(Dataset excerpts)

=== Begin Enclosure ===

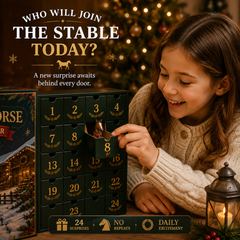 🐴 Christmas Horse Advent Calendar--24 Days of Horse Friends & Holiday Memories 🎄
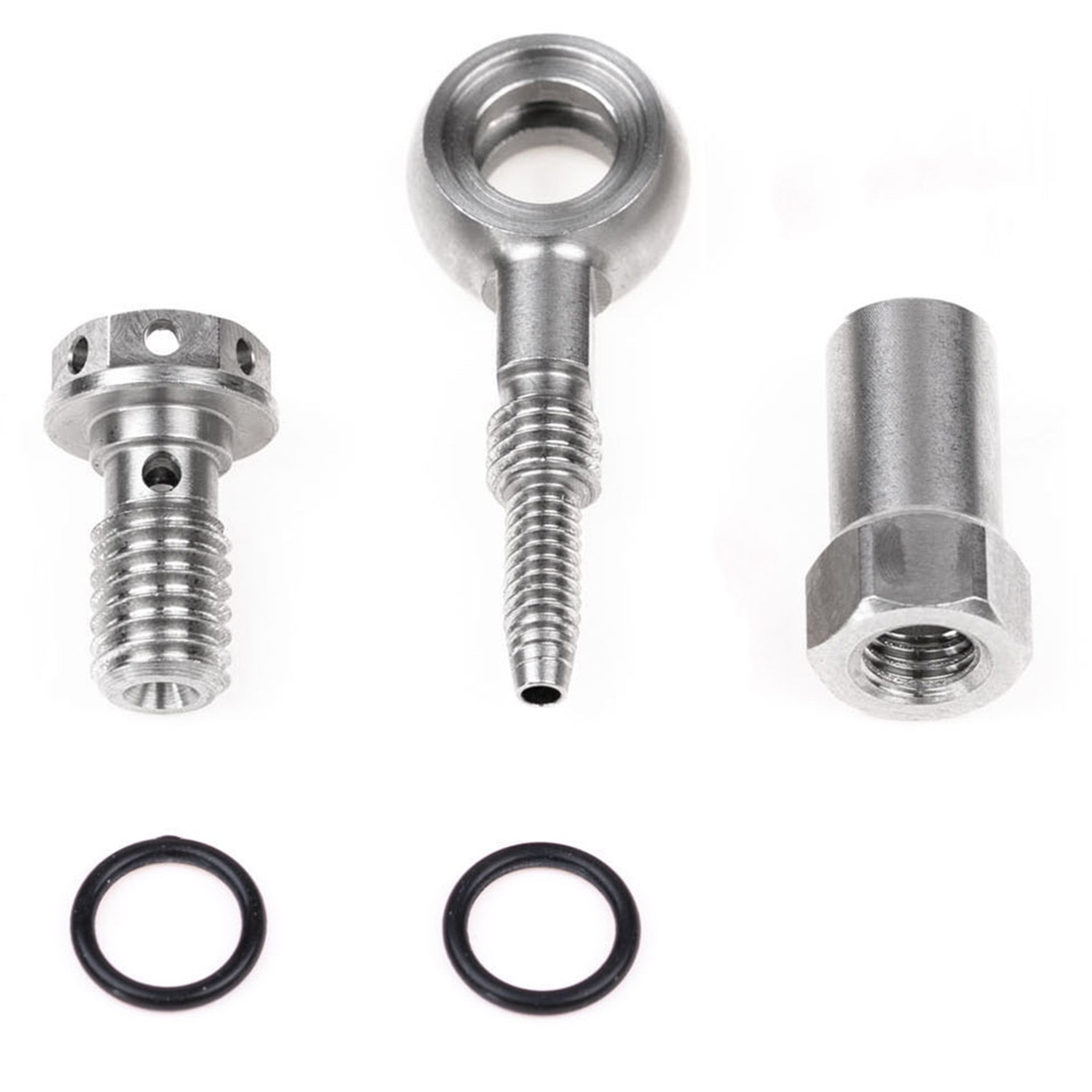 Trickstuff Banjo Kit For 5mm Goodridge Hose, Silver, Each-0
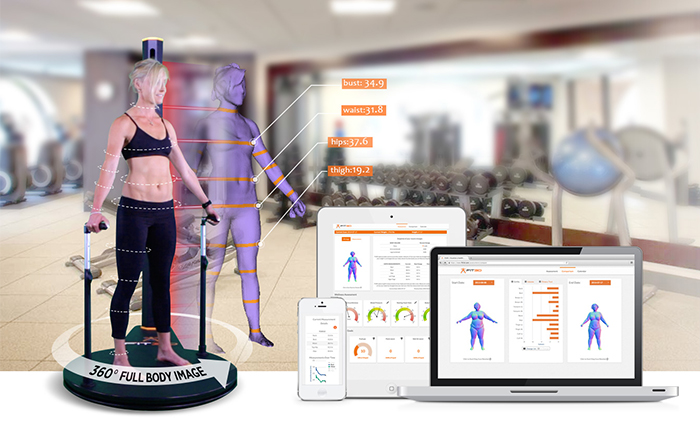 Full-body physical health scanner!
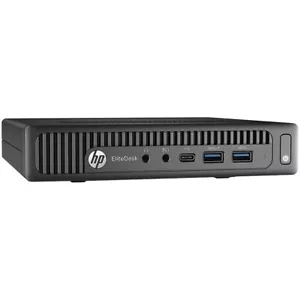 HP Desktop i7 Computer Mini Pc 32GB RAM 480GB SSD Windows 10 Pro Wi-Fi - Picture 1 of 4
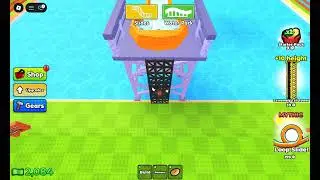 Build a water slide 🛝☆☆☆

=== End Enclosure ===

=== Exercise prompt ===
Set down exactly, and only, the lines from the one holding "Trickstuff Banjo Kit" to the end of the records above, leaving every picture out.

=== Task solution ===
 Trickstuff Banjo Kit For 5mm Goodridge Hose, Silver, Each-0
 Full-body physical health scanner!
 HP Desktop i7 Computer Mini Pc 32GB RAM 480GB SSD Windows 10 Pro Wi-Fi - Picture 1 of 4
 Build a water slide 🛝☆☆☆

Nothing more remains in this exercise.